Due to extensive fat loss the levels of adipokines i.e. leptin and other hormones derived from the adipose tissue are low (1, 3, 4). Leptin plays an important role in food intake regulation as it regulates appetite, decreases hepatic gluconeogenesis, and improves insulin sensitivity. The therapeutic approach of lipodystrophy was limited, until recently, to low fat diets and exercise in combination with traditional anti-diabetic medications and fibrates or statins to control dyslipidemia. Metreleptin, an analogue of human leptin, is an injectable therapy first approved by the FDA in the USA in 2014, and by EMA in 2018. Metreleptin is indicated as an adjunct to diet as a replacement therapy to treat the complications of leptin deficiency in patients with confirmed congenital or acquired GLD in adults and children 2 years of age and above, and also for patients with confirmed FPLD or acquired PLD over 12 years of age for whom standard treatments have failed to achieve adequate metabolic control. A number of studies in various populations have shown prominent benefits for liver and kidney function, cardiovascular events and reproductive system, enhancing fertility and restoring regular menstrual cycles (4–6). The aim of this article is to present a rare case of a 39-year-old female patient with congenital generalized lipodystrophy type 1 (CGL1) who was initially misdiagnosed with type 1 diabetes mellitus at age 14 (and was later recognized to have severe insulin-resistant diabetes secondary to CGL1), PCOS and irregular menses, who conceived spontaneously after being treated with metreleptin for 13 months prior to conception and delivered a healthy neonate.

2 Case presentation

2.1 Baseline

A 39-year-old woman presented to our clinic for management of diabetes mellitus. At age 14, she was incorrectly diagnosed with type 1 diabetes mellitus, based solely on her age and clinical presentation, as autoimmune markers and C-peptide were not assessed. Retrospectively, and based on her phenotype and genetic findings, the diabetes was attributed to severe insulin resistance secondary to congenital generalized lipodystrophy. She was initially treated with variable intravenous insulin infusion during hospitalization and was subsequently transitioned to a twice-daily subcutaneous mixed insulin regimen.

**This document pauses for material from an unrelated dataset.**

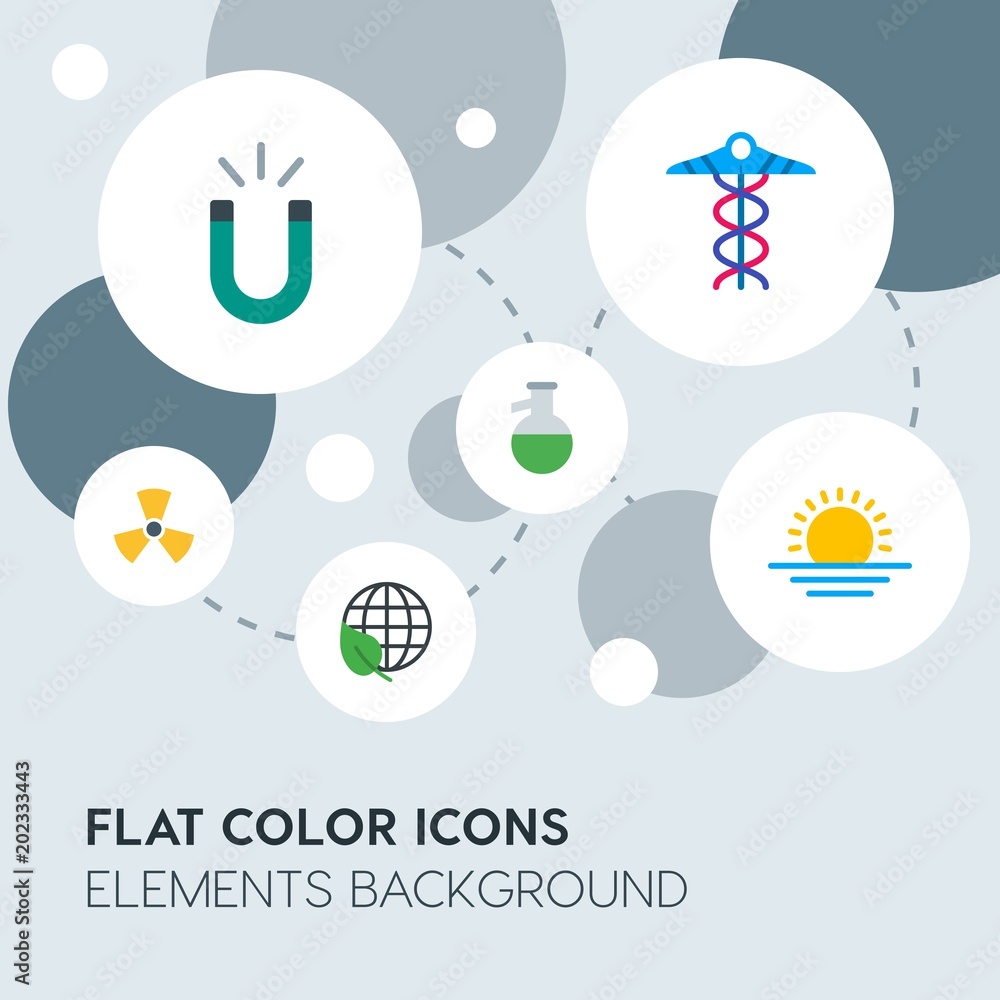 Aufkleber health, science, nature flat vector icons and elements background with circle bubbles networks.multi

Her history revealed that she had been diagnosed with generalized lipodystrophy at the age of 5 months, based on striking clinical features: complete absence of subcutaneous adipose tissue; apparent muscular hypertrophy of both upper and lower extremities; hypotrophy of the gluteal region; abdominal prominence; joint stiffness; and limited hip abduction. Abdominal examination showed hepatomegaly (liver palpable 3–4 cm below the costal margin) and splenomegaly (4–5 cm below the costal margin). Facial features included an appearance older than her chronological age, epicanthal folds, a low nasal bridge, and palpable lymph nodes due to loss of subcutaneous fat. At that time, genetic sequencing was not performed, and therefore the specific causative gene mutation could not be identified or confirmed.

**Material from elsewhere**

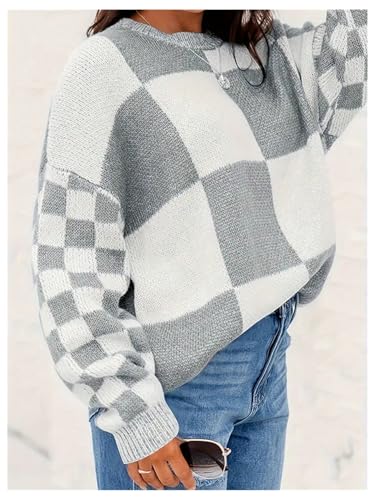 SOLY HUX Plus Size Sweaters for Women Plaid Checkered Print Drop Shoulder Long Sleeve Pullover Sweater Fall Tops3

Genetic testing was first performed at the age of 26 years while the patient was under diabetes care in a public hospital diabetes clinic. Molecular analysis of the AGPAT2 gene, including sequencing of all six coding exons and the intron–exon boundaries by direct sequencing, revealed pathogenic variants associated with congenital generalized lipodystrophy (7). The patient was heterozygous for a nonsense mutation c.202C>T (p.R68X) and a missense mutation c.406G>A (p.G136R), both previously reported in association with congenital generalized lipodystrophy. In addition, she carried a heterozygous variant c.49_51dupCTG (p.L17dup), which has not been described in the medical literature and is therefore of uncertain clinical significance. Parental genetic testing was not performed, as both parents declined analysis; however, given the presence of two pathogenic variants and the classical clinical phenotype, compound heterozygosity is highly probable. At the time of testing, sequencing of other lipodystrophy-associated genes such as BSCL2, CAV1, PTRF, and LMNA was not available. A detailed family pedigree showed no other cases of lipodystrophy.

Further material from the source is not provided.